== Segment start ==
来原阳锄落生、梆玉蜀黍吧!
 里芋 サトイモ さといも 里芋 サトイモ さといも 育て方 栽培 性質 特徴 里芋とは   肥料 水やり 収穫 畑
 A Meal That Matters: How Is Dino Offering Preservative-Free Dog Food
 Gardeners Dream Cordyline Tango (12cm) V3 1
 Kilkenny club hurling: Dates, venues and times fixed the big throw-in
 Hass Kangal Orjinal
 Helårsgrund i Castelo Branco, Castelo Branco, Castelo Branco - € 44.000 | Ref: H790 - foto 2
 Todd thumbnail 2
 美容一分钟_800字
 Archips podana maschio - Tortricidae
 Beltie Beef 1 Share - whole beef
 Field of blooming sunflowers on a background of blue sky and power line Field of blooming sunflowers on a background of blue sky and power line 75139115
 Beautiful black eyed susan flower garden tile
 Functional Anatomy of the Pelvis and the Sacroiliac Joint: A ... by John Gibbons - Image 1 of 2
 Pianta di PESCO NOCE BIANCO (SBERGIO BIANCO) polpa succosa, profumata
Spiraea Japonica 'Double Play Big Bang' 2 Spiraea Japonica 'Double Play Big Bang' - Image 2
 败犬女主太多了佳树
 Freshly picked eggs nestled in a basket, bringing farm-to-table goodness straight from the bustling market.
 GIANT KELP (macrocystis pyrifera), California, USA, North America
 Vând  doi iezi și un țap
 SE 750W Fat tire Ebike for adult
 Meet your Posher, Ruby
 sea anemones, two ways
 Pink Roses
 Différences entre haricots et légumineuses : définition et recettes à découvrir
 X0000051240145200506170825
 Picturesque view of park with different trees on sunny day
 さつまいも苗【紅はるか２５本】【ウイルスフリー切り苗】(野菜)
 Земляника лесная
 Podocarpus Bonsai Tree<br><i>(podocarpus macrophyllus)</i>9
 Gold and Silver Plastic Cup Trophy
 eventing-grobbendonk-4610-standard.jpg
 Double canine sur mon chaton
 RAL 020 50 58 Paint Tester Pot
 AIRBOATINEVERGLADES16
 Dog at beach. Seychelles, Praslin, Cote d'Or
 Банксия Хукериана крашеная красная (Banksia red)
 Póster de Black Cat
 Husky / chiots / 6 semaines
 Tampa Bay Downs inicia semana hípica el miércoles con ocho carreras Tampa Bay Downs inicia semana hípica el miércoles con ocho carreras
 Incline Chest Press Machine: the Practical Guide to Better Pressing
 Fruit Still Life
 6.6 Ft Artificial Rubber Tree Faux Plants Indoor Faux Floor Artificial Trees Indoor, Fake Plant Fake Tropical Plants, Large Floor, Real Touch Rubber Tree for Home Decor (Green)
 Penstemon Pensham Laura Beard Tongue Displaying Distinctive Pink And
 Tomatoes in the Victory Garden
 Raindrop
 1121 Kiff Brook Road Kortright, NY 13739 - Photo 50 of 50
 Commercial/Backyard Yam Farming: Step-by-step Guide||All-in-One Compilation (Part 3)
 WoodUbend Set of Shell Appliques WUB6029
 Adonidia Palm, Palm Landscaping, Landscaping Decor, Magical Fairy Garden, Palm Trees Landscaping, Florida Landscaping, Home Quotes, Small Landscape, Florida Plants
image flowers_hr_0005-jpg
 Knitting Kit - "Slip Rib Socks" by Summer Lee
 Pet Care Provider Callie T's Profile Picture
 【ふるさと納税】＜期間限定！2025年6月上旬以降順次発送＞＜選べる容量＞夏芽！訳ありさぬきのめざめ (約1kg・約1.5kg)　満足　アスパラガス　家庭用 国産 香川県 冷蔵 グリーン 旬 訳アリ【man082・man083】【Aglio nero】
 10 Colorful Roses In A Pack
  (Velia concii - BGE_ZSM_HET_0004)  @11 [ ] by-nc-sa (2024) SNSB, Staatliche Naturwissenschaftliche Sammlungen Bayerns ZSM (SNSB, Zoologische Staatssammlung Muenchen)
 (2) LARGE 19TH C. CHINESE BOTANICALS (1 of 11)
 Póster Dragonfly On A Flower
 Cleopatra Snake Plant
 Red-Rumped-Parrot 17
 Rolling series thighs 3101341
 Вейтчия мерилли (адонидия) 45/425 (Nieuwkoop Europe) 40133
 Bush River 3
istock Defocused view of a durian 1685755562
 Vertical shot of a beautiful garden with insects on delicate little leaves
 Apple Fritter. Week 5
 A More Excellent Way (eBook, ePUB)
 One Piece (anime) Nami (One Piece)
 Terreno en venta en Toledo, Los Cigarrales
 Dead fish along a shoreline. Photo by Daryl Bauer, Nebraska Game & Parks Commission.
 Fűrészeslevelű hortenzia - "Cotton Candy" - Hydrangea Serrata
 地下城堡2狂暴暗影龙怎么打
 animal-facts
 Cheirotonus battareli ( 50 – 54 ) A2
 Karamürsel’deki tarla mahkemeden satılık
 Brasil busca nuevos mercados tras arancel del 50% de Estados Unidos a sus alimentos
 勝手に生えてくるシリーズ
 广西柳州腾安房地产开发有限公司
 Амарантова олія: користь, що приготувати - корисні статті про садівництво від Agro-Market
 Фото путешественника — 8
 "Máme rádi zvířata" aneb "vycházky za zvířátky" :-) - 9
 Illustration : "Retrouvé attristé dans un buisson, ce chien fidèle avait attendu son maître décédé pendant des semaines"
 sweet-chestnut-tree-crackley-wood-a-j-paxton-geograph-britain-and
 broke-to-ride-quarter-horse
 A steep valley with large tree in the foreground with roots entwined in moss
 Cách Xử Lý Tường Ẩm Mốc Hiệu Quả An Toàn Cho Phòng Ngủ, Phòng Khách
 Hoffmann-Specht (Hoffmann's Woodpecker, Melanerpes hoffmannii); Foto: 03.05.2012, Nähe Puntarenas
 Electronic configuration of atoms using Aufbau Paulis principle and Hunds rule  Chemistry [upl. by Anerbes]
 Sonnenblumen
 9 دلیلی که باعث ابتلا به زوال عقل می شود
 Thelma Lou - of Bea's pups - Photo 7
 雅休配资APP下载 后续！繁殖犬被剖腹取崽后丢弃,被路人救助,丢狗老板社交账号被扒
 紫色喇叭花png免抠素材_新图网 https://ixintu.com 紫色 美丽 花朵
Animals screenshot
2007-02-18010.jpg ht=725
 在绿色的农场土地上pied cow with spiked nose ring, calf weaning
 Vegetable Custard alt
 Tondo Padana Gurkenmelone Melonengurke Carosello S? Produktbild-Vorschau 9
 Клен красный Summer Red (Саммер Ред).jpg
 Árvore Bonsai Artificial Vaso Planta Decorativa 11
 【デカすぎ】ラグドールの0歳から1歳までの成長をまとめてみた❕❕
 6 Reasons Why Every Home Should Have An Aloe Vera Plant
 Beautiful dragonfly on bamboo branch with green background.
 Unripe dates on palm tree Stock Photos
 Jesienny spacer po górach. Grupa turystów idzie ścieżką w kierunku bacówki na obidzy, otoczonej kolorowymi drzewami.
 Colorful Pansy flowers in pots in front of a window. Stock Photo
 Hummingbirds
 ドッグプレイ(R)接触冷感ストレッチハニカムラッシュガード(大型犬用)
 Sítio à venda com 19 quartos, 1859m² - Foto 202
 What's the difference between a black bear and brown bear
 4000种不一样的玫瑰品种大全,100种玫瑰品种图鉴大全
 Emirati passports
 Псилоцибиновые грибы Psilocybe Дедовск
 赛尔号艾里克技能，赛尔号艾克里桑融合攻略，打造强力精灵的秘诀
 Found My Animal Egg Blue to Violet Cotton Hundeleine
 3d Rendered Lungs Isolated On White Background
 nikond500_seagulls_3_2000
== Segment end ==
Problem description
If a line above includes the string "with", pick it out.

Reply
 Picturesque view of park with different trees on sunny day
 Vertical shot of a beautiful garden with insects on delicate little leaves
 A steep valley with large tree in the foreground with roots entwined in moss
 在绿色的农场土地上pied cow with spiked nose ring, calf weaning
 Beautiful dragonfly on bamboo branch with green background.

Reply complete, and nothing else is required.